El País: O conforto na moda é importante para você?

GH: Eu sempre disse que queria fazer roupas confortáveis. Quanto mais confortável você for, mais bonita você se sente. Caso contrário, você está preocupada se mostra muito ou se algo está apertando você. Não faço roupas que não fazem sentido.

El País: Você tem um truque para manter a calma na frente da câmera?

GH: Obviamente há momentos em que o conceito de fotos não é bastante natural. Conhecer e armazenar informações criativas pode ajudá-lo a se tornar o personagem que a equipe deseja. Trata-se de representar o que eles querem e deixar de lado sua personalidade. Quando fico nervosa, simplesmente tento esquecer quem sou e ser outra pessoa.

El País: Você é muito segura com seu corpo e é algo que é transmitido e em suas redes sociais. Você acha que isso pode ser inspirador para seus seguidores?

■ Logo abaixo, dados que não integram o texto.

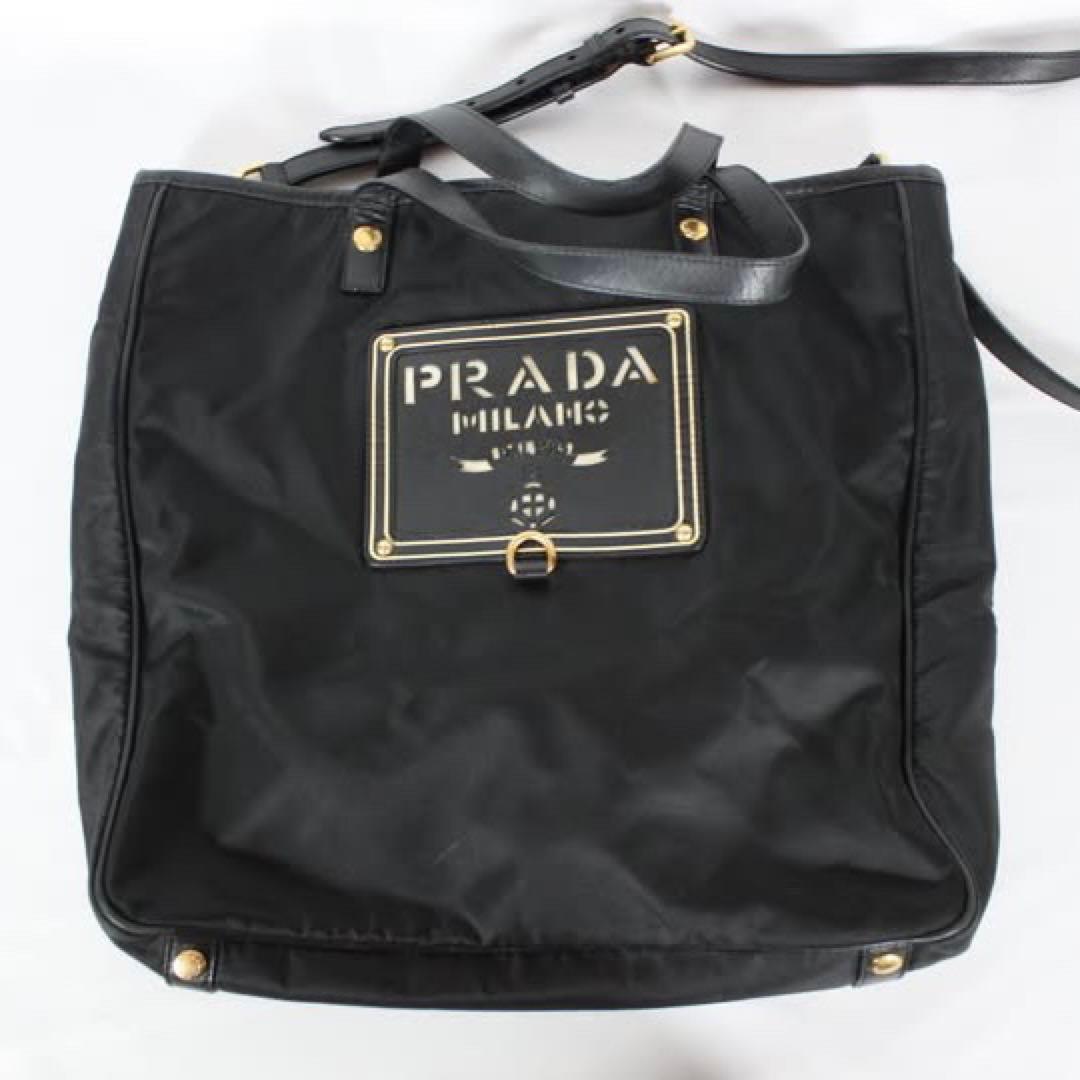 PRADA プラダ　テスート　ロゴ　ハンドショルダーバッグ　ブラック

GH: Quando eu comecei, muitas pessoas me disseram que eu estava gorda, e a verdade é que eu sempre me senti muito confortável com meu corpo e nunca me envergonhava disso. Mas então eu fui diagnosticada com um problema de tireóide e quando recebi medicação, perdi muito peso e outros críticos vieram dizer que eu estava muito magra. E a verdade, eu não me importo com o que eles dizem, eu estou feliz, porque me sinto saudável e acho que o importante é conhecer seu corpo. O fato é que nunca mudarei meu corpo para o que alguém diz.

El País: Há muita conversa sobre o estilo pessoal hoje. O que isso significa para você?

GH: A verdade é que eu não sei a resposta. Porque acabo de me levantar e colocar o que é mais confortável para mim. E, de fato, isso é o que eu tento trazer para a coleção que eu faço com o Tommy, eu tento ter um pouco para todos, mas também para pessoas como eu, que se levantam e se sentem diferentes todos os dias.

El País: Lembra-se dos conselhos de alguém para reforçar essa autoconfiança?

GH: Na verdade, vem de muitas pessoas. Por exemplo, o primeiro que me deixou confortável nos desfiles foi Jeremy Scott. E desde o início, quando ninguém mais me aceitou, ele me disse: “Você é linda e você vai abrir o meu desfile”. Fez eu me sentir confortável comigo mesma, na minha pele, especialmente na passarela. Tommy é o mesmo: “Gigi, é fantástica. Se isso te faz feliz, faça isso!”

El País: Como você lida com a pressão?

GH: Estou aprendendo a lidar com isso. Já faz seis anos que isso começou. Todos os dias eu aprendo um pouco mais como lidar com isso, porque não há um livro que lhe diga como viver essa vida, quando você acorda pela manhã e olha pela janela e há 15 câmeras por aí. Às vezes eu não me sinto bonita, eu não quero me maquiar, me olho no espelho e não tenho ideia do que fazer com meu cabelo. Recentemente, descobri que é importante para mim estar em contato com a natureza, com meus cavalos e me encontrar. É o lugar onde eu cresci, isso me faz sentir bem, se levantar por uma razão diferente do que ter que o que escolher todo o dia e encarar as câmeras. Quando eu estiver lá, eu posso colocar meu jeans, meu top e botas, saindo sem maquiagem… é algo muito libertador para mim.